Но тут возникает другая опасность. Прежде всего для самого Солженицына. Поставленный вне критики, вне серьезного, взыскующего разговора о его творчестве, писатель незаметно для себя начинает терять нравственные ориентиры и качественные критерии, каким когда-то сам следовал, что, к сожалению, и происходит сегодня, судя по всему, с искренне уважаемым мною Александром Исаевичем Солженицыным.
Поэтому такой разговор необходим теперь уже во имя самого писателя, во имя его творческой судьбы, его, если можно так выразиться, гражданского будущего.
И в эмиграции, и в метрополии сложилось достаточно устойчивое убеждение, причем не только у людей пишущих, но и у многих читателей, что Солженицын-прозаик и Солженицын-публицист это два совершенно разных явления. Я же считаю, что Солженицын равен себе в обеих этих ипостасях, со всеми вытекающими отсюда потерями и приобретениями. К публицистическим приобретениям, например, я отнес бы «Письмо вождям», «Гарвардскую речь» и «Наших плюралистов», а к досадным потерям — «Как нам обустроить Россию».
Во многом горячо принимая ряд положений этой его последней работы (некоторые из них впрямую перекликаются с моей статьей десятилетней давности «Размышления о гармонической демократии», а также с философским эссе покойного Дмитрия Панина «Как нам наладить Россию», тоже обнародованного Несколькими годами ранее), я в то же время не могу не отметить ее крайней политической наивности, удручающего многословия и в некоторых частях — весьма опасной нравственной бестактности. К примеру, убежден, что делить территории страны, сидя в комфортном вермонтском далеке, это все равно что заливать керосином уже накаленные угли межнациональной вражды. Реакция на местах по отношению к этой его дележке только подтверждает эту мою нехитрую метафору.

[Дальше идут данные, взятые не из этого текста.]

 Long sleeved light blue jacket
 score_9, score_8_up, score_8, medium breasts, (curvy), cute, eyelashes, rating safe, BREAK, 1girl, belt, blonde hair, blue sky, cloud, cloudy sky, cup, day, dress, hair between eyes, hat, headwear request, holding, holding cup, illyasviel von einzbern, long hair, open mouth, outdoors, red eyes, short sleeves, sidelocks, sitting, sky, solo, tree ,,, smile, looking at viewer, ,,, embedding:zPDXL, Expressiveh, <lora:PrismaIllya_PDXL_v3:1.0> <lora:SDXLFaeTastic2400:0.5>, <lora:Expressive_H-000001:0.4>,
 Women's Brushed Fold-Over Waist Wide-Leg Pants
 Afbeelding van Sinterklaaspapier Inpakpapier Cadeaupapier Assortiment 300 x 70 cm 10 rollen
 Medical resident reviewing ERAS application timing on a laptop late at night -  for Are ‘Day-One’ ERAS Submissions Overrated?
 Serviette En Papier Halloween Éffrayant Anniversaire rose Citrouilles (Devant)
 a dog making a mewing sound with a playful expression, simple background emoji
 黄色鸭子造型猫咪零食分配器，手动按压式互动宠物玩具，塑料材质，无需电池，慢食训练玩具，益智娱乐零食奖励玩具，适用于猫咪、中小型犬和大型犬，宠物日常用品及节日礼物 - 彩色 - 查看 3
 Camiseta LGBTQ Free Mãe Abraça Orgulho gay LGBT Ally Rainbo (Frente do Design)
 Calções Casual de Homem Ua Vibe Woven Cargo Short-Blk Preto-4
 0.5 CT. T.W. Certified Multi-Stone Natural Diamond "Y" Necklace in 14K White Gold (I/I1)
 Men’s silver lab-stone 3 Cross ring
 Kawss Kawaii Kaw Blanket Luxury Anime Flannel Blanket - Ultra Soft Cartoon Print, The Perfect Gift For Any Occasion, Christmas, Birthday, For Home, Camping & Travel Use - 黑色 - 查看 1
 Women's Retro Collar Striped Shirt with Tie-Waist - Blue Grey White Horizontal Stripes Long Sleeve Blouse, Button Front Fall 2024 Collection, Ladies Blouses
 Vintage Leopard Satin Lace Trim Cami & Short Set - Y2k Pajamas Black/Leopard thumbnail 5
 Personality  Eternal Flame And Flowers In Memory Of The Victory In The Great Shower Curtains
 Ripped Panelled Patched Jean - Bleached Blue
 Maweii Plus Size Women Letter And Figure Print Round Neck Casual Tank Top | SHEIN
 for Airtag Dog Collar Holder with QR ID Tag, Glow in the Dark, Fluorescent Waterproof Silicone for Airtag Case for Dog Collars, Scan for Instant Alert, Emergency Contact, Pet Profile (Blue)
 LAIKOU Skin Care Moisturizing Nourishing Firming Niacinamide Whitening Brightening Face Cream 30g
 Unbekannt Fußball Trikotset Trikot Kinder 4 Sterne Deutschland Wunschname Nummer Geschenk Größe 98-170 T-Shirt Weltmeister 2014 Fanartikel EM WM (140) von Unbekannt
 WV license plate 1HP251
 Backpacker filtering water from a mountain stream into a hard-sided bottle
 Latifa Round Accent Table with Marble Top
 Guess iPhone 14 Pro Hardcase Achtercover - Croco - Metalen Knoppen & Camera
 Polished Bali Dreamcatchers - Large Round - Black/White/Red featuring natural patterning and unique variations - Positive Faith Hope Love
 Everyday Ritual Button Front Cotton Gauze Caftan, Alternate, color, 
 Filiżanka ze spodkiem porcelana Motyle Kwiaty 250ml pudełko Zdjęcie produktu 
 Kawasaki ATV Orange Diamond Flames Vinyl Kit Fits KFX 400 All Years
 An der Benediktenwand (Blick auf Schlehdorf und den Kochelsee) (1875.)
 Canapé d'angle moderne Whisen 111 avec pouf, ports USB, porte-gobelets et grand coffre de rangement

То же самое и с прозой. Подлинно гениальные «Матренин двор» и «Архипелаг ГУЛаг» мирно соседствуют у Солженицына с весьма скромным по своим литературным достоинствам «Августом 14-го» и основательными, но без подлинного размаха «Раковым корпусом» и «Лениным в Цюрихе». Что же касается «Красного колеса», то это не просто очередная неудача. Это неудача сокрушительная. Тут за что ни возьмись, все плохо. Историческая концепция выстроена задним умом, а в этом, как известно, мы все в высшей степени крепки. Герои почти на подбор функциональны, вместо полнокровных живых характеров — ходячие концепции. Любовные сцены — хоть святых выноси. Создается впечатление, что об этой материи вообще автор — отец троих детей — наслышан из литературных источников, причем не самого лучшего пошиба. Язык архаичен почти до анекдотичности. К тому же сочетание этого умопомрачительного воляпюка с псевдомодернистской стилистикой «а-ля Дос Пасос» (вспомните хотя бы наивно многозначительные «наплывы»!) порождают такую словесную мешанину, переварить которую едва ли в состоянии даже самая всеядная читательская аудитория.